Cairn drilled eight wells in two years through the end of 2011 in an unsuccessful attempt to find recoverable oil and gas reserves off Greenland. Shell, Exxon Mobil Corp. (XOM:US), Chevron Corp. and Statoil ASA (STL) also hold licenses to drill off the Greenland coast.
The sea ice melts every summer before freezing again in September. The NSIDC uses a five-day average ice extent to iron out day-to-day anomalies. When more dark ocean is exposed, it absorbs more of the sun’s heat unlike the reflective ice, increasing the warming effect in a so-called feedback loop.
The increasing melt may be a harbinger of greater changes such as the release of methane compounds from frozen soils that could exacerbate warming, and a thaw of the Greenland ice sheet, which would contribute to rising sea levels, NASA’s top climate scientist, James Hansen, said in an e-mail interview.
“Our greatest concern is that loss of Arctic sea ice creates a grave threat of passing two other tipping points -- the potential instability of the Greenland ice sheet and methane hydrates,” Hansen said. “These latter two tipping points would have consequences that are practically irreversible on time scales of relevance to humanity.”
The United Nations estimates the Greenland ice sheet contains enough water to raise global sea levels by about seven meters (23 feet), though melting would take thousands of years.
Measurements from three satellites showed surface melt across 97 percent of Greenland’s ice sheet on July 12, the largest area in more than 30 years of observations, according to NASA. Like the sea ice, Greenland’s ice cap has an annual cycle of surface thawing and then re-freezing. Also last month, Greenland’s Petermann Glacier shed an iceberg about twice the size of Manhattan.
The lowest sea ice extent in a satellite record that goes back to 1979 was 4.17 million square kilometers, registered in September 2007. That compares with an average annual minimum area of 6.29 million square kilometers from 1979 to 2010. This year’s melt has been fueled by Arctic temperatures 2 degrees Celsius (3.6 degrees Fahrenheit) to 3 degrees Celsius warmer than in a typical year from June through mid-August, said Meier.
While the area of ocean covered by the sea ice is easier to gauge, researchers also take an interest in the thickness of the ice.

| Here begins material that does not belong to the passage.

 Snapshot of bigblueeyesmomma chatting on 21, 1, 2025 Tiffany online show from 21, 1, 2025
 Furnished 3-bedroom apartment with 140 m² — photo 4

Older ice that hasn’t melted from one year to the next tends to be more than three meters thick, while single-year ice is thinner and easier to melt.

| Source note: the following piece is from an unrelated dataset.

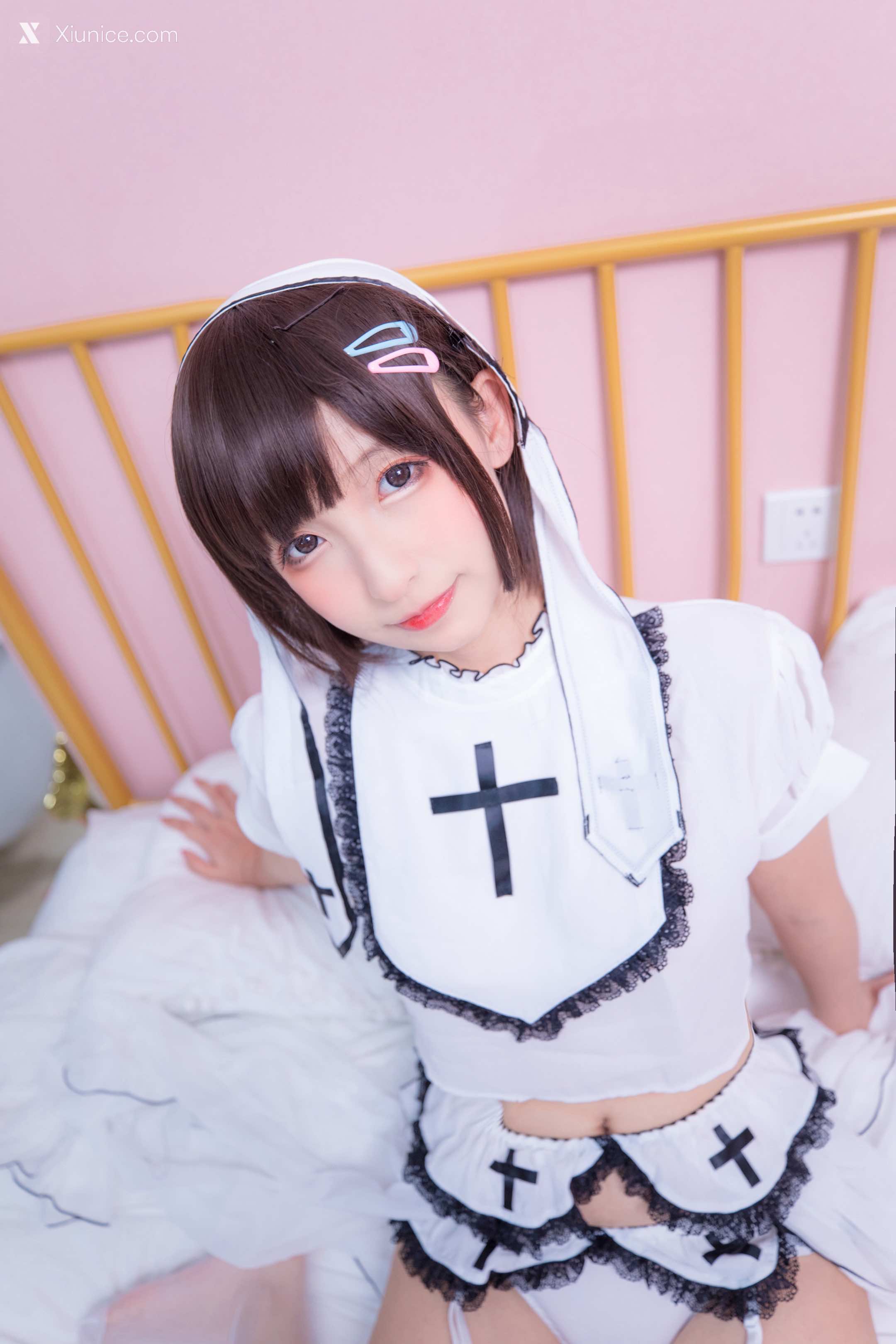 Coser@神楽坂真冬 Vol.045 电子相册-情书《ラブレター》 第122张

“Now that we’re getting into the guts of how quickly the sea ice will go, it’s important to know the thickness,” said Pen Hadow, who in 2003 became the first person to trek solo and unassisted to the North Pole. “It’s become much more of a volume issue: area times thickness.”
Hadow in February plans to begin a 120-day traverse of the Arctic Ocean from Russia to Canada during which he’ll measure the thickness of the ice and make observations about ice ridges that form where ice floes crash together. The data he gathers will be used by scientists at the Centre for Polar Observation and Modelling in London who are also analyzing ice thickness data from the European Space Agency’s CryoSat-2 satellite.
“In some areas of the Arctic sea-ice, up to 40 percent of the volume is held in narrow vertical ridges where ice floes have crashed together,” Hadow said in a telephone interview. “Knowing how many ridges there are and knowing their height is increasingly interesting as we ever refine our models.”
Those models need updating. According to Meier, the computer models used in 2007 by the United Nations Intergovernmental Panel on Climate Change indicated the possibility of ice-free summers in the Arctic Ocean by 2100. Now, that may occur as early as 2030, a date earlier than predicted even by newer computer models, he said.
“It’s the most drastic change in the earth’s surface due to climate change,” said Meier. “It used to get to around 7 million square kilometers into the early 1990s. Now we’ve had just one year above 5 million in the last six years. That’s 30 percent below where we used to be.”